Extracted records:
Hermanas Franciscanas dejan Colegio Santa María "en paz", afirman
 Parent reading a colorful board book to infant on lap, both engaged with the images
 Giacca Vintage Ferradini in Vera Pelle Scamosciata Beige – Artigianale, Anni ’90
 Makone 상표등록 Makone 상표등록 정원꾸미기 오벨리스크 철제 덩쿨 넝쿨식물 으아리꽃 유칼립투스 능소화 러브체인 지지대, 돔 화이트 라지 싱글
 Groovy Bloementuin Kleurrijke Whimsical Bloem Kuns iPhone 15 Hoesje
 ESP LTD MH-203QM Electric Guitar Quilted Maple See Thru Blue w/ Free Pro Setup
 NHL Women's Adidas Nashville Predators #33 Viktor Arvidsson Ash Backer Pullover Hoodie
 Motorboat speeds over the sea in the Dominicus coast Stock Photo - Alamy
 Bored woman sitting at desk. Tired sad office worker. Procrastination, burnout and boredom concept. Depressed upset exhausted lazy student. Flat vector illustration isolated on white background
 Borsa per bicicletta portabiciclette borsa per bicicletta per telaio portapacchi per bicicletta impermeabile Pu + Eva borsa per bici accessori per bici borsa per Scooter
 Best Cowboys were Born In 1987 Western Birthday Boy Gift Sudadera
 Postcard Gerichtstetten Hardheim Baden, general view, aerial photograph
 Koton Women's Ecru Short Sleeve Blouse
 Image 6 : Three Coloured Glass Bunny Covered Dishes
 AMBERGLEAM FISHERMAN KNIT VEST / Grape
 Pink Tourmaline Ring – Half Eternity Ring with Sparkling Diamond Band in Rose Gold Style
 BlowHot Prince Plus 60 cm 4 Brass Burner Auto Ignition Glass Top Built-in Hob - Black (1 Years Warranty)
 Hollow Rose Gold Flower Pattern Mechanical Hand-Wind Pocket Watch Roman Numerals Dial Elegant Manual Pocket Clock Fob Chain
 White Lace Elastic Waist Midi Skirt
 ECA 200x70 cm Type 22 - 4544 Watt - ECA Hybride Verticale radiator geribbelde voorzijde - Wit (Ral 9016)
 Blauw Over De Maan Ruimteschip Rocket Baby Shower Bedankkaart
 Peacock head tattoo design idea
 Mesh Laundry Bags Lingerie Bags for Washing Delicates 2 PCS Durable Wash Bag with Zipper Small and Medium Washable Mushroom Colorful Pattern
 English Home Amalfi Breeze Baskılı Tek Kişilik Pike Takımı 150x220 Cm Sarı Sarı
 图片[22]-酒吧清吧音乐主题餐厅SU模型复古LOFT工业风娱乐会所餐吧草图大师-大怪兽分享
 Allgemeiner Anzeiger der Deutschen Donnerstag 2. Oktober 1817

§ **Exercise**
Copy out each line of the records that holds the string "Rose".

§ **Exercise result**
 Pink Tourmaline Ring – Half Eternity Ring with Sparkling Diamond Band in Rose Gold Style
 Hollow Rose Gold Flower Pattern Mechanical Hand-Wind Pocket Watch Roman Numerals Dial Elegant Manual Pocket Clock Fob Chain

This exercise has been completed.